Assigned task ::
Repeat only the lines below that run from the line with "Pie stuffed with fresh peaches. Pie" to the line with "Icône de ligne", ends included; skip every picture.

################

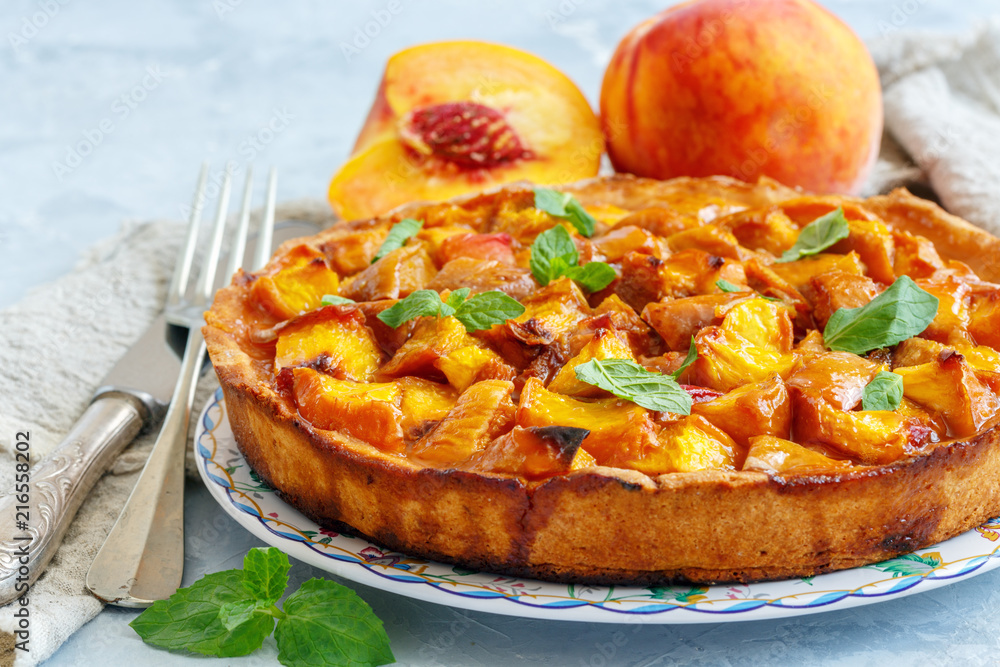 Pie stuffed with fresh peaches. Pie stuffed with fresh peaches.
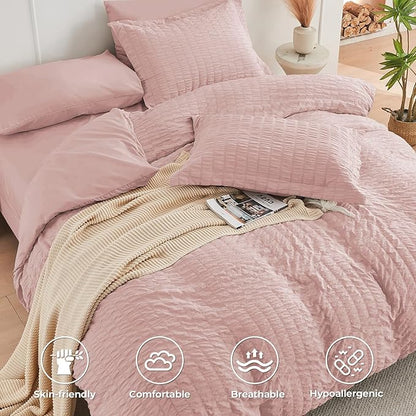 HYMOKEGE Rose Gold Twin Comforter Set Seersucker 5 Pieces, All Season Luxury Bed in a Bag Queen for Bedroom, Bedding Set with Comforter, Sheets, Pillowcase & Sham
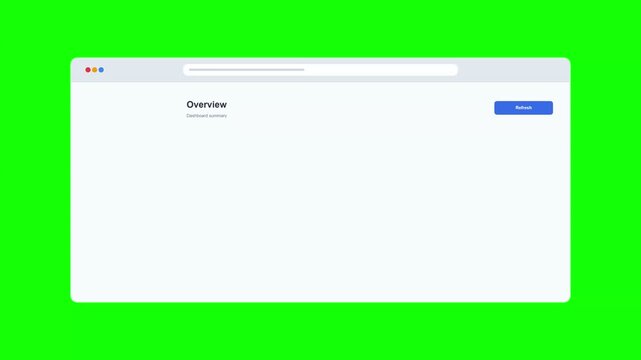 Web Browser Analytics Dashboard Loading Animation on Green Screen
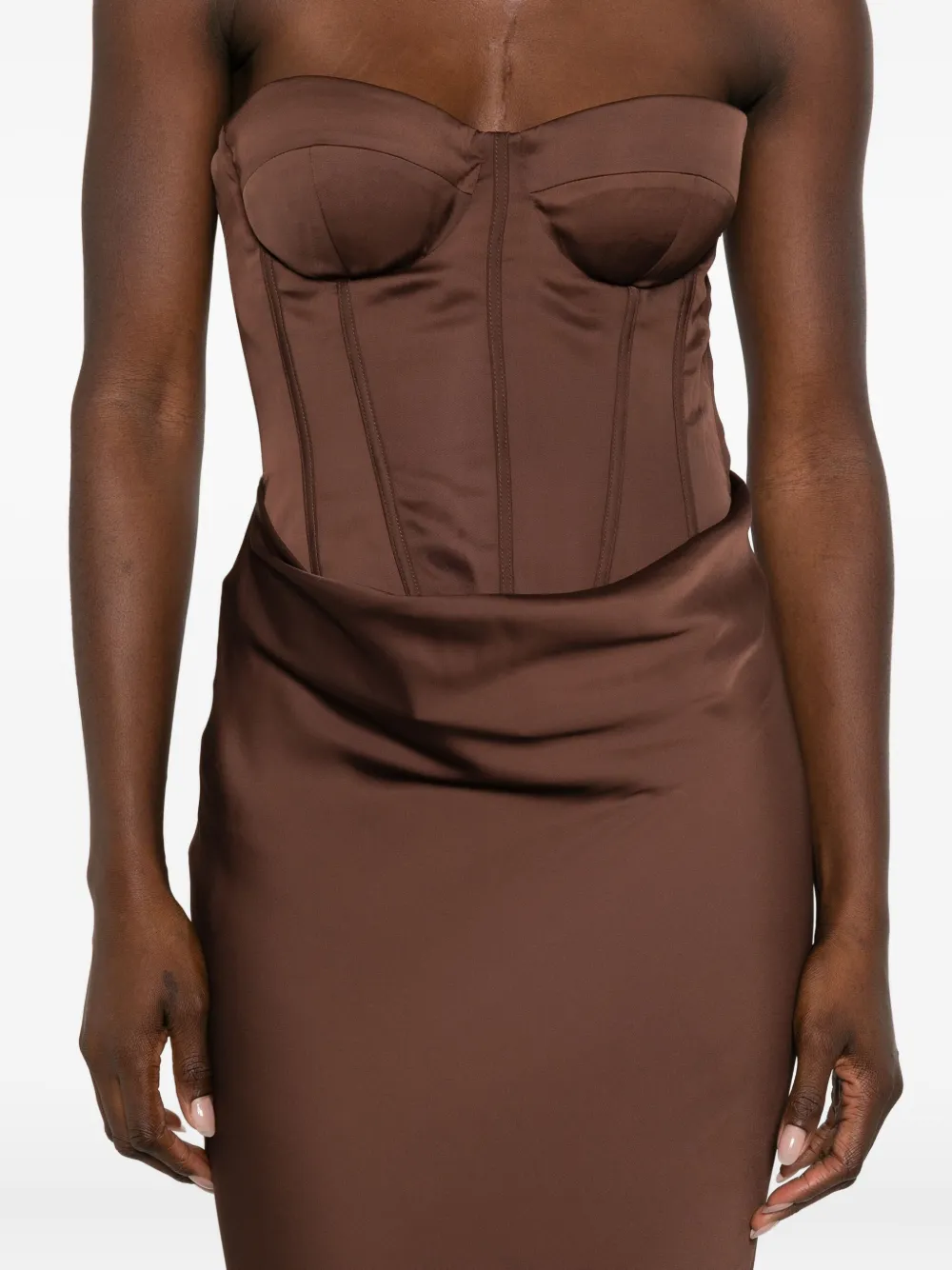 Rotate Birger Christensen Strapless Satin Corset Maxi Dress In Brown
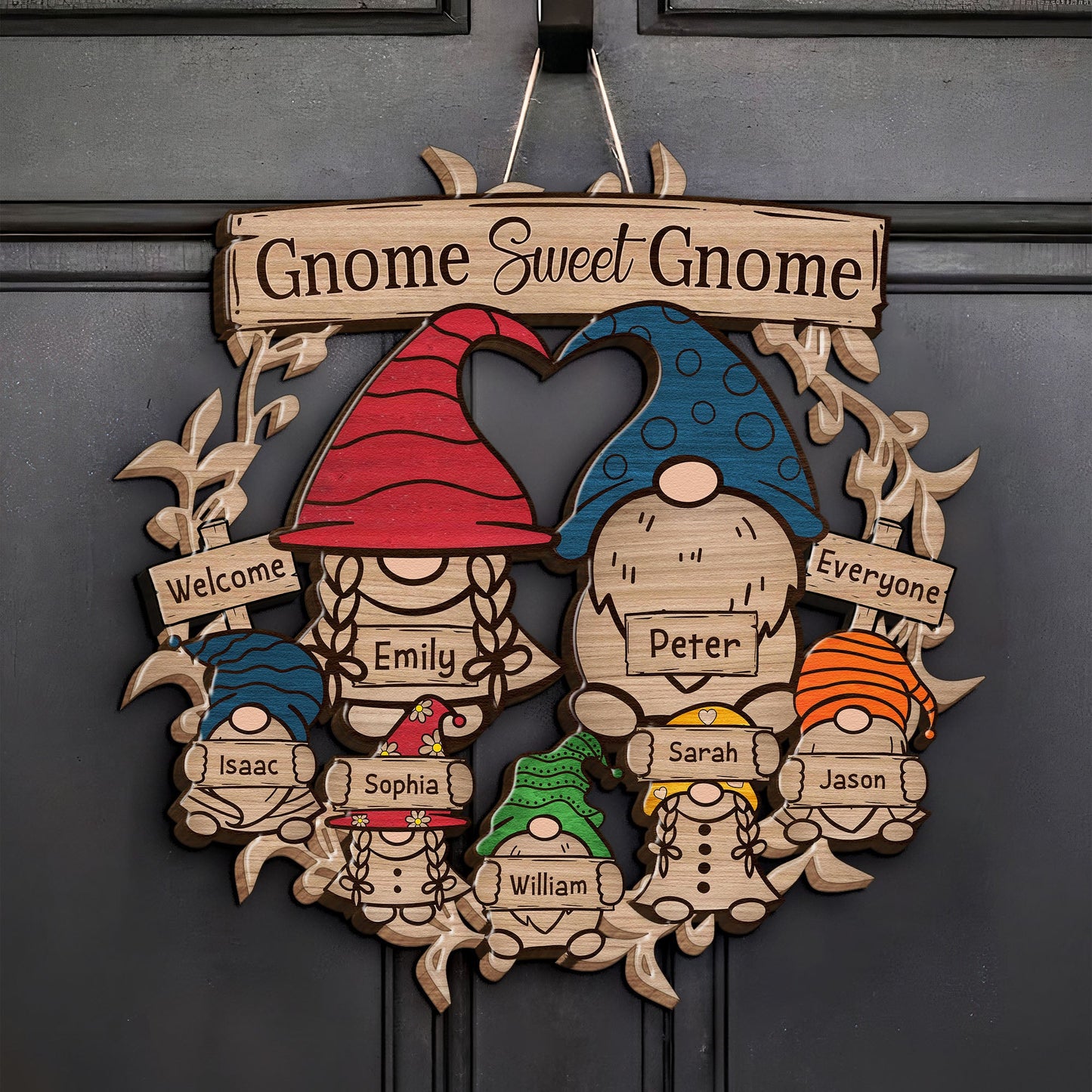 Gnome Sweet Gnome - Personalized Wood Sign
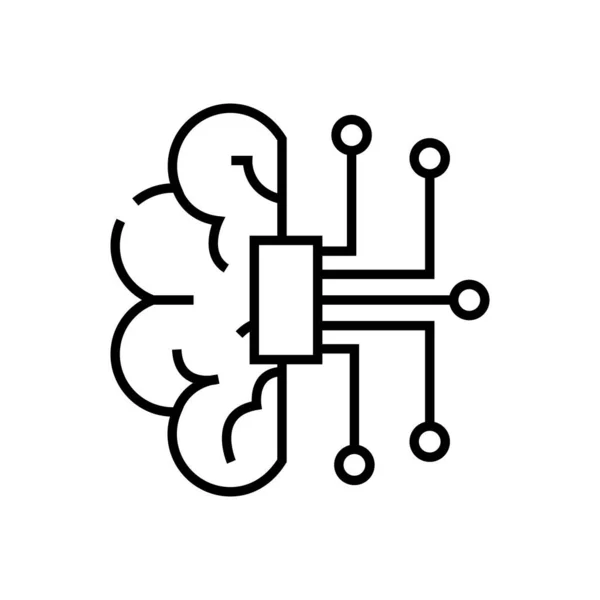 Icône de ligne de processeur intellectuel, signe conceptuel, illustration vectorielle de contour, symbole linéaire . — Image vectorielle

################

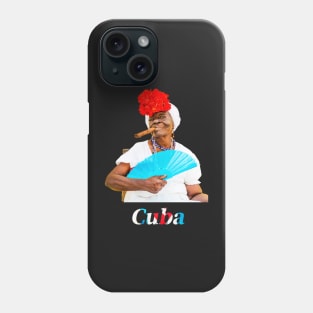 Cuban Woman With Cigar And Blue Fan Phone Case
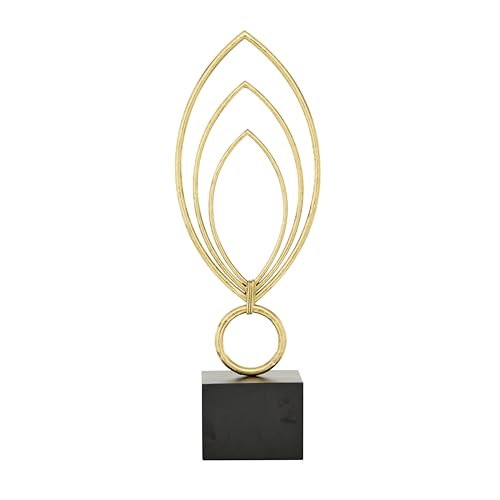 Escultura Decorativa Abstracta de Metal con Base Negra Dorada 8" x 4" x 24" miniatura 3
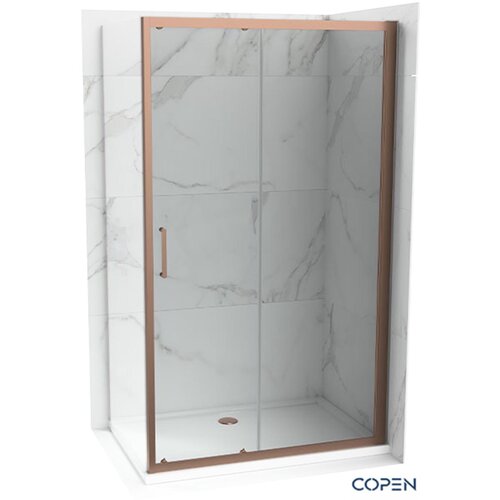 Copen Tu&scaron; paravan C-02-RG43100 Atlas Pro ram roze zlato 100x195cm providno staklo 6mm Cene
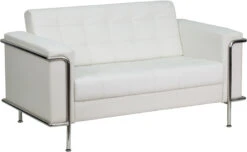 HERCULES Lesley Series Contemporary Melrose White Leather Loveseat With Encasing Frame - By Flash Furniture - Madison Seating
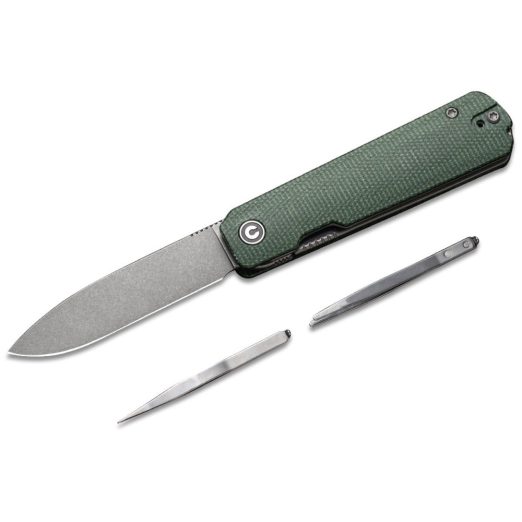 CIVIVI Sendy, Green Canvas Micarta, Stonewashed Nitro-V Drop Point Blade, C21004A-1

################

The completed task ::
 Pie stuffed with fresh peaches. Pie stuffed with fresh peaches.
 HYMOKEGE Rose Gold Twin Comforter Set Seersucker 5 Pieces, All Season Luxury Bed in a Bag Queen for Bedroom, Bedding Set with Comforter, Sheets, Pillowcase & Sham
 Web Browser Analytics Dashboard Loading Animation on Green Screen
 Rotate Birger Christensen Strapless Satin Corset Maxi Dress In Brown
 Gnome Sweet Gnome - Personalized Wood Sign
 Icône de ligne de processeur intellectuel, signe conceptuel, illustration vectorielle de contour, symbole linéaire . — Image vectorielle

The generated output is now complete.